Messina. ”Didyme” il panettone messinese conquista Parma alla 10 edizione della “Tenzone del Panettone”.
La Sicilia spopola anche con i suoi panettoni. Un chiaro esempio è “Didyme” il nuovo panettone preparato a 4 mani dai due Ambasciatori del Gusto messinesi Francesco Arena e il pasticcere Lillo Freni.
Ispirato ai gusti siciliani ma dedicato a all’isola del postino, l’antica Didyme (nome che i greci hanno dato anticamente a Salina, per la sua forma costituita da due rilievi separati da una sella), nasce da una rivisitazione del “Salina” ideato qualche anno fa da Arena. I due professionisti messinesi hanno preso parte al Concorso “Tenzone del Panettone”, giunto alla decima edizione, e si sono classificati primi, portando a casa il “premio speciale dello sponsor Molino Casillo” per il miglior utilizzo delle materie prime e la sapienza nell’uso della farina.
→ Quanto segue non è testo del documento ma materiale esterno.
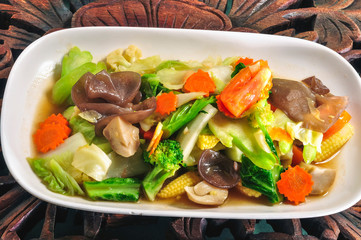 Stir fried mixed vegetables in a white plate on a wooden table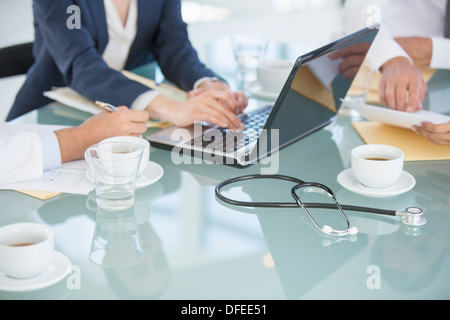 Business people and doctors in meeting Stock Photo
La Tenzone del Panettone è una golosa sfida tra lievitati artigianali che premia i migliori panettoni e da valore e risalto al lavoro di pasticceri, fornai e maestri dei lievitati che con la loro professionalità, la passione e l’impegno realizzano prodotti di eccellenza con le migliori materie prime. La giuria di esperti, riunita a Parma il 13 e 14 novembre scorsi, ha valutato alla cieca gli aspetti tecnici dei panettoni, senza conoscerne gli autori, e premiato Arena e Freni con questa motivazione: “Il miglior panettone capace di esprimere al meglio il potenziale della materia prima e il legame col territorio”.
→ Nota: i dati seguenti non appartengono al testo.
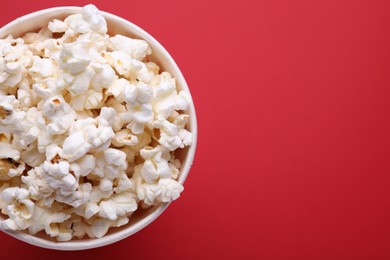 Paper bucket with delicious popcorn on red background, top view. Space for text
Per la categoria “panettone innovativo”, i due messinesi hanno, inoltre, conquistato il sesto posto su 100 partecipanti. Un ottimo risultato che premia la collaborazione tra due grandi professionisti, legati da un profondo sentimento di amicizia e stima reciproca.
Il nuovo panettone, è farcito con cubetti di arancia siciliana canditi, capperi canditi e una riduzione di Malvasia delle Lipari Doc, rifinito con una golosa copertura di cioccolato all’82% lavorato a freddo da Ciomod, e aromatizzato al fior di sale di Trapani, presidio Slow Food. Altra particolarità le 7 mandorle dorate sistemate sulla superficie che indicano le 7 isole dell’Arcipelago delle Eolie e la pioggia di granella al pistacchio per ricordare che Salina è l’isola più verde delle Eolie.
“Il nostro è un panettone che parla siciliano – ha affermato Lillo Freni – perché abbiamo puntato sulla territorialità. Tenevamo molto al nostro panettone e il risultato ci gratifica molto. Soprattutto per il premio della giuria tecnica che ha valutato la struttura, l’alveolatura e la morbidezza del nostro panettone”.
“È stata una bellissima esperienza e siamo pienamente soddisfatti del risultato” – ha commentato Francesco Arena. “Abbiamo partecipato volentieri a questa importante kermesse, su invito degli organizzatori, perché riteniamo che il confronto con gli altri colleghi sia sempre a vantaggio della professionalità” – ha concluso il fornaio messinese.